----- SOURCE MATERIAL -----

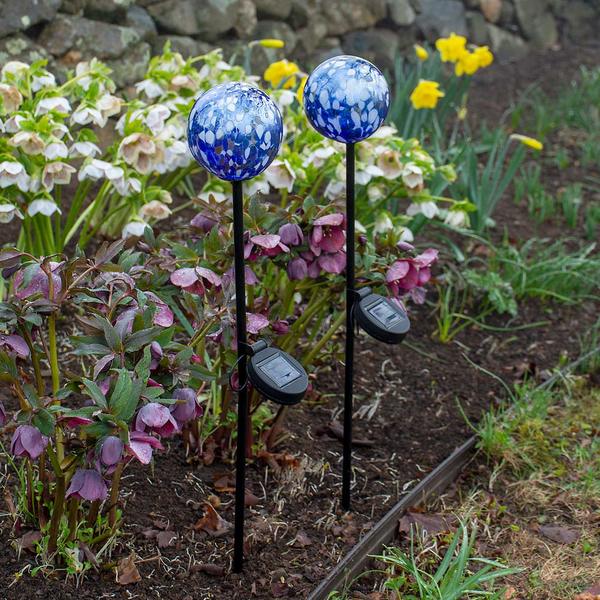  Blown-Glass Solar Orb Stakes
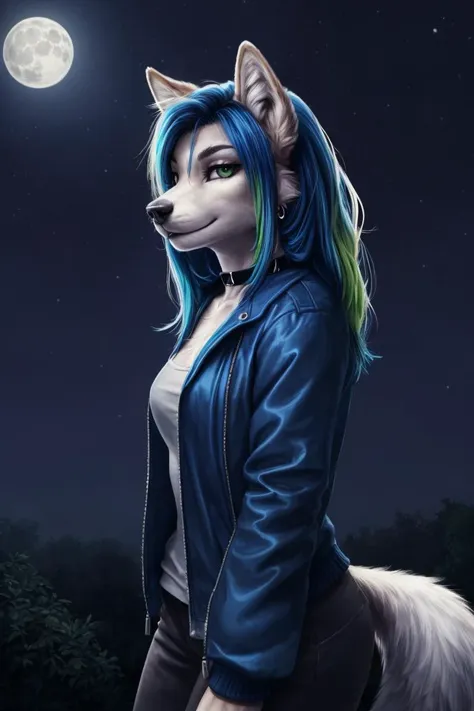 a woman with blue hair and a blue jacket is standing in front of a full moon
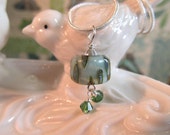 Necklace green boro glass art lampwork bead with crystals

-----

I would like the material repeated in full and exactly, with its images omitted.

▶ [EXERCISE RESULT]
  Blown-Glass Solar Orb Stakes
 a woman with blue hair and a blue jacket is standing in front of a full moon
 Necklace green boro glass art lampwork bead with crystals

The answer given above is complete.